● What you are asked to do
For the records that follow, please set down exactly the lines between the one holding "Studio Ghibli Schedule" and the one holding "Floor plan layout", inclusive, and only those.

● Record excerpts
+ + + + +
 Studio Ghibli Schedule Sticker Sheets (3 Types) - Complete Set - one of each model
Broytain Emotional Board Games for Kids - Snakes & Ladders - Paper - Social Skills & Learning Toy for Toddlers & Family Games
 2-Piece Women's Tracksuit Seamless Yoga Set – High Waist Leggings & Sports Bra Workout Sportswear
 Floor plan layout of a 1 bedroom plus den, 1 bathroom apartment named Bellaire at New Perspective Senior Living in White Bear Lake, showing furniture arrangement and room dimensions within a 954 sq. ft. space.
+ + + + +
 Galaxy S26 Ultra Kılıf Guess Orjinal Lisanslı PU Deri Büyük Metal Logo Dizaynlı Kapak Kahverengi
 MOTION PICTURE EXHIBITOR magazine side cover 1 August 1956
+ + + + +
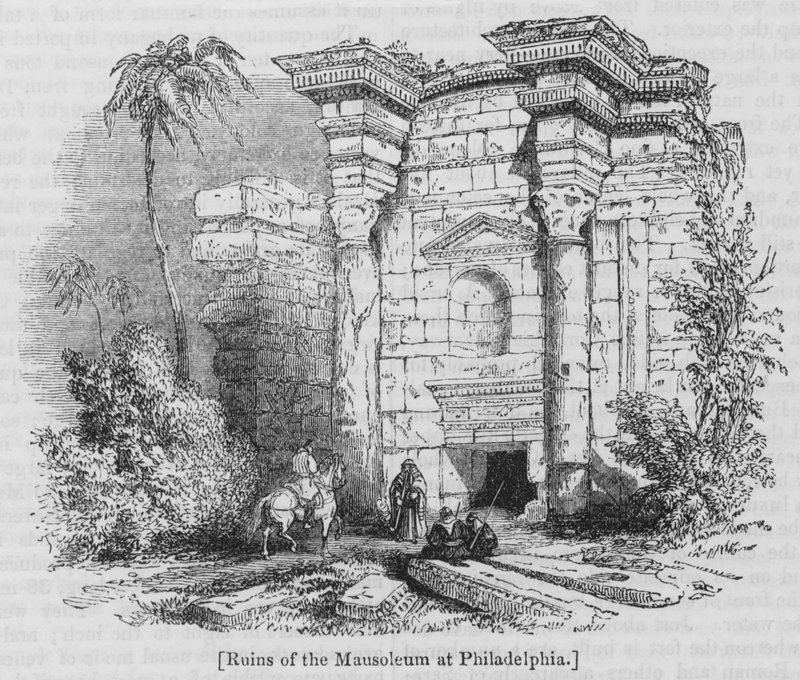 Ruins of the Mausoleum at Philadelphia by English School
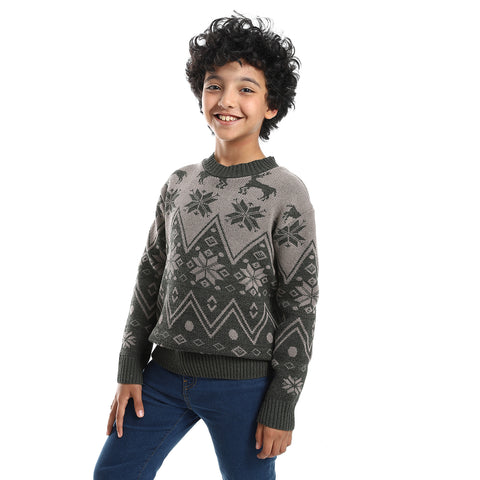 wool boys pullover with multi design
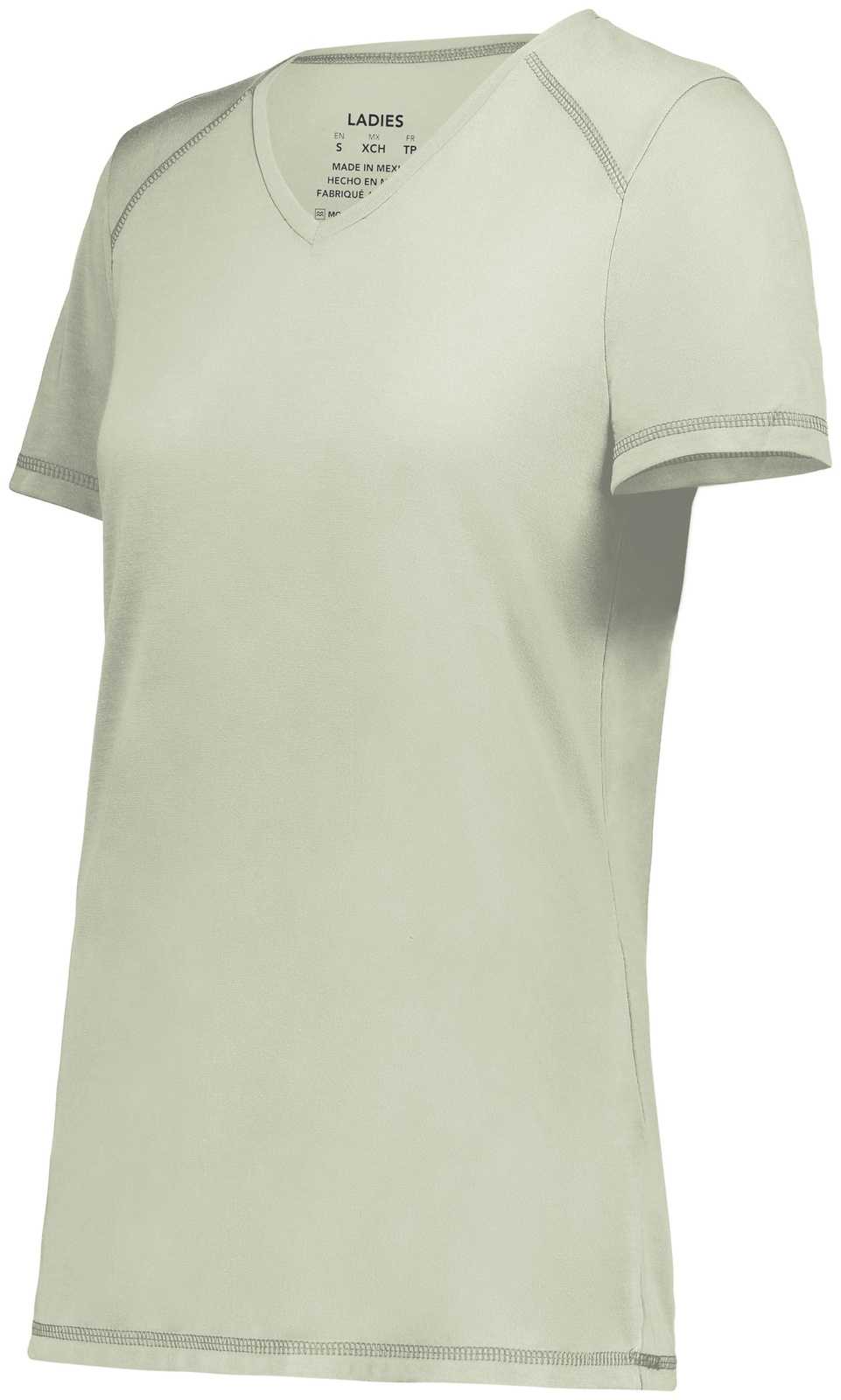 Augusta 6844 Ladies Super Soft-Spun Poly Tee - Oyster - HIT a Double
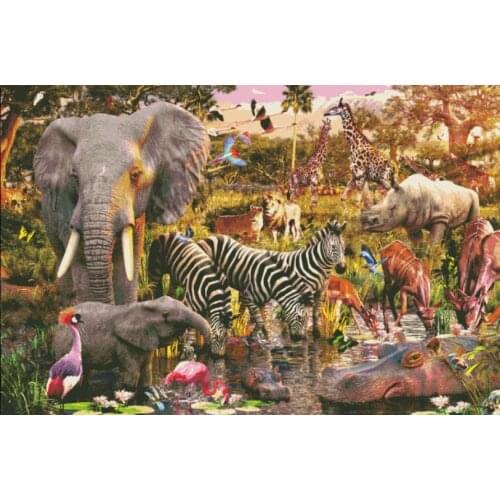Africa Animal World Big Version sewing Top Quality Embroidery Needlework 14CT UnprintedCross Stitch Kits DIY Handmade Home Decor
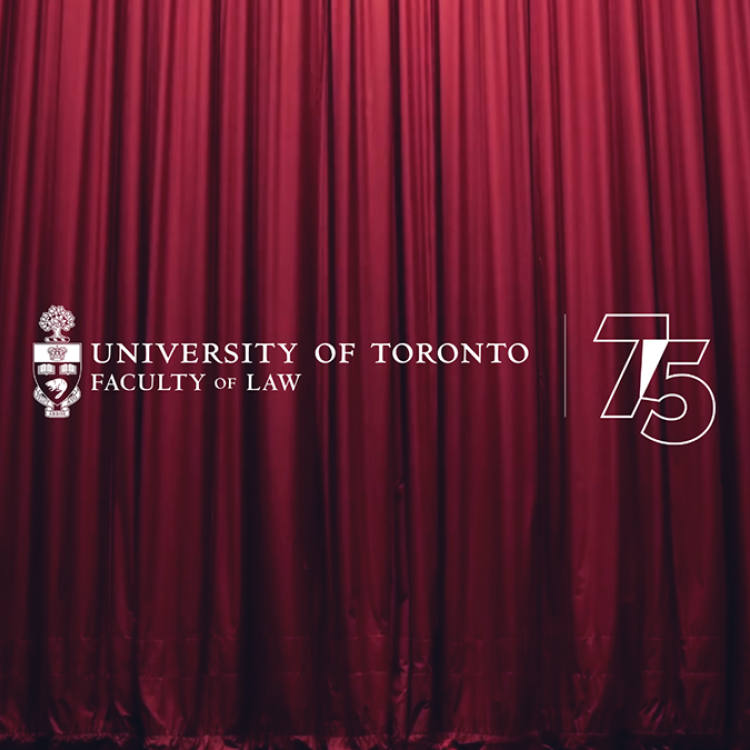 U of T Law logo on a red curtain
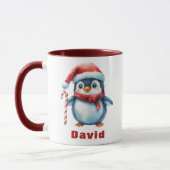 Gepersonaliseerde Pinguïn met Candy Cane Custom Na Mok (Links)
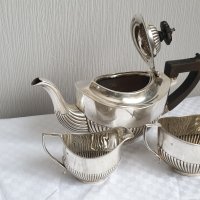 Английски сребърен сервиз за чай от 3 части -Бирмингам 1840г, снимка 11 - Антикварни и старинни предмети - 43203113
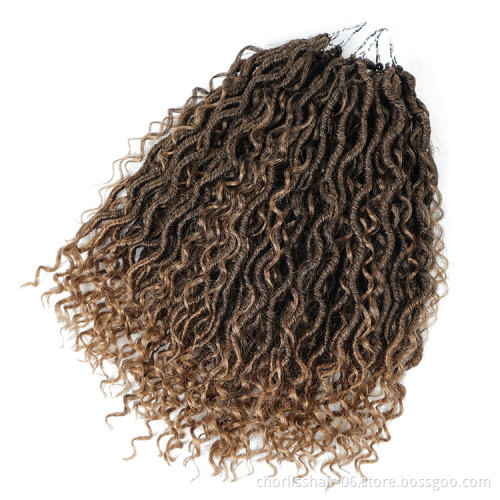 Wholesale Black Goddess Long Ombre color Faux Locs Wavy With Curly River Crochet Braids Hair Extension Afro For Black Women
+ + + + +
● Your solution
 Studio Ghibli Schedule Sticker Sheets (3 Types) - Complete Set - one of each model
Broytain Emotional Board Games for Kids - Snakes & Ladders - Paper - Social Skills & Learning Toy for Toddlers & Family Games
 2-Piece Women's Tracksuit Seamless Yoga Set – High Waist Leggings & Sports Bra Workout Sportswear
 Floor plan layout of a 1 bedroom plus den, 1 bathroom apartment named Bellaire at New Perspective Senior Living in White Bear Lake, showing furniture arrangement and room dimensions within a 954 sq. ft. space.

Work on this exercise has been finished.